The Government Digital Service has more than doubled in size over the last three years to around 860 employees, its director general has revealed.
Speaking on the latest episode of the GDS podcast, Kevin Cunnington said the innovation agency’s new structure had enabled it to be more forward thinking.
But he admitted it had taken “much longer than I thought it would to get to a point where I’ve got the same quality of thinking time that I had [in the Department for Work and Pensions].”
Cunnington served as director of general business transformation at DWP, where he said he was able to dedicate more of his time to strategy, for more than two years before taking over the reins of GDS in August 2016.

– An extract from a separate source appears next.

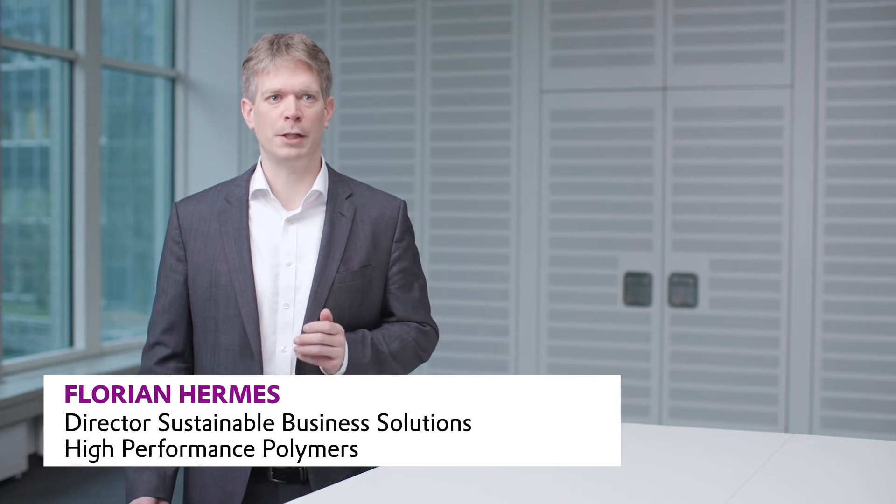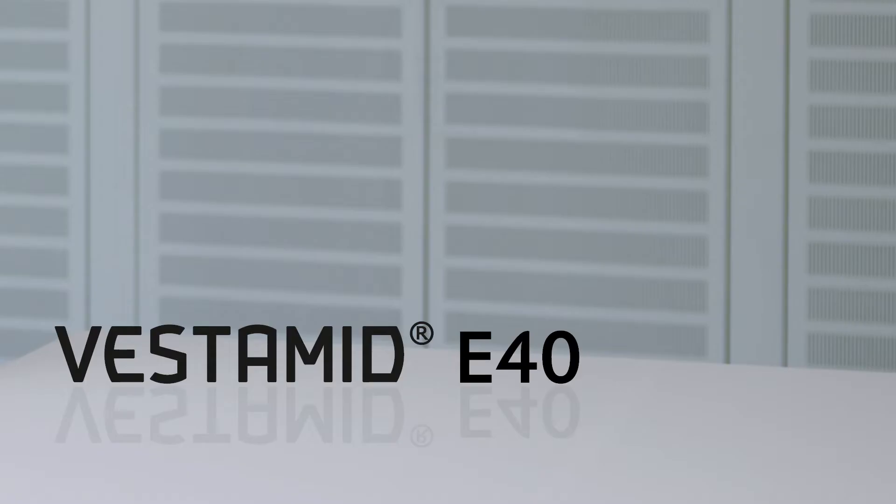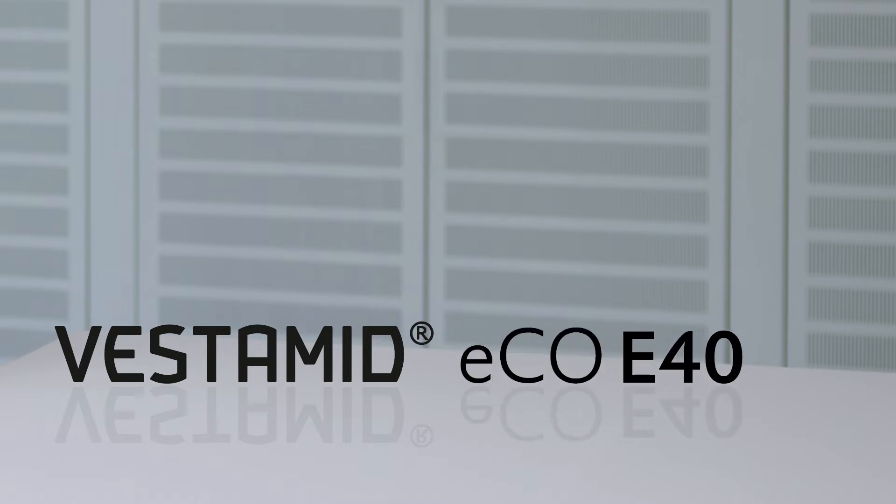The mass balance approach is already used in the production of Vestamid Eco E40. Vestamid E are polyamide 12 elastomers used in applications such as sports equipment for more than 40 years. Recently we have launched a sustainable upgrade of the Vestamid E40 called Vestamid Eco E40. This uses a sustainable feedstock of end-of-life tires.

“It’s taken the nearly three years I’ve been here to get to a point where I think I’ve now got the right structures and management team in place to free up time to think about what is our 2030 vision,” he said.
As the head of GDS, Cunnington has been tasked with improving the way government uses technology. But in March he warned MPs that Whitehall departments apply an “if it ain’t broke don’t fix it” approach to insecure and outdated IT.
“Legacy IT costs more to secure and it’s more difficult to secure,” Cunnington told the science and technology select committee. “It is a real security concern that we move away from legacy to things that are more modern.”
In evidence submitted to the committee’s inquiry into GDS’s work earlier this year, the tech trade body TechUK wrote that “the current and future mission of GDS needs clarifying to the tech industry”.